Whilst in Lewes, I'll also be seeing a bunch of university friends. We meet as a group once a year to go camping, usually somewhere further afield, but Uncle Bill's new arrival means we're staying in Meriel's back garden! Because I'm off to Italy first thing on Friday, I can only spend one day with the troops, but that's better than nothing.
I spent the morning working on my ode to Jacqueline Du Pre, which is troubling me somewhat. I'm obviously putting rather a lot of pressure on myself to write something profound, and when I played it to Nathan last night, he confirmed my worst fears by saying he thought it was somewhat meandering. I think he was also quite surprised that I'd written something that sounded so Jewish. Du Pre converted to Judaism in the late 60s, and there is Hebrew on her headstone, so on that front I'm hoping she'd approve. The meandering thing, however, is something I'm keener to address, but I'm ploughing on with what I have, as ironically it's the most conventionally structured of all the movements I've written for the Requiem so far. I feel very strongly there's something in there that I simply need to coax out.

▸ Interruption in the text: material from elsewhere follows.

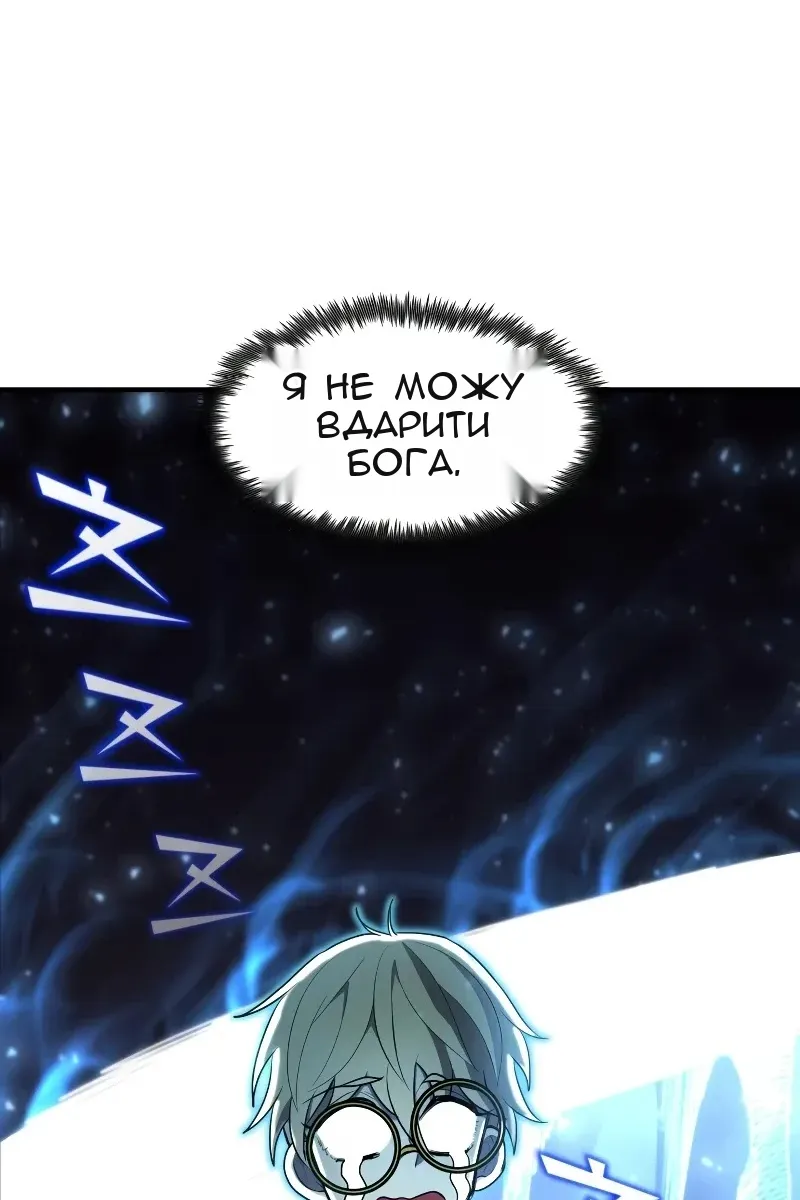 Сторінка 57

350 years ago, and Pepys' day began in Westminster, listening to a Frenchman playing a guitar. The musician, we're told, played exceedingly well, but Pepys felt the guitar was not an instrument that could be taken particularly seriously! Not quite on the money with his predictions, although I guess the guitar has always been viewed as the instrument of the common man. I wonder what Pepys would have made of Hendrix!
Later in the day, Pepys found himself at The Wardrobe celebrating an absent Lord Sandwich's birthday, with a venison pasty and a group of friends including Sandwich's daughter, Jem. She was the one with the weird neck.
After the party, Pepys whisked her away to show her his own house. They went via the river and Pepys showed off his naval knowledge by talking about the various ships that were floating past. He took Mrs Jem back home, again by boat, and on both occasions they travelled under London Bridge. It must have been low tide, because passing through the rapids that were usually present underneath the bridge was not a journey for the faint of heart, and certainly not one for the slightly disabled daughter of nobility.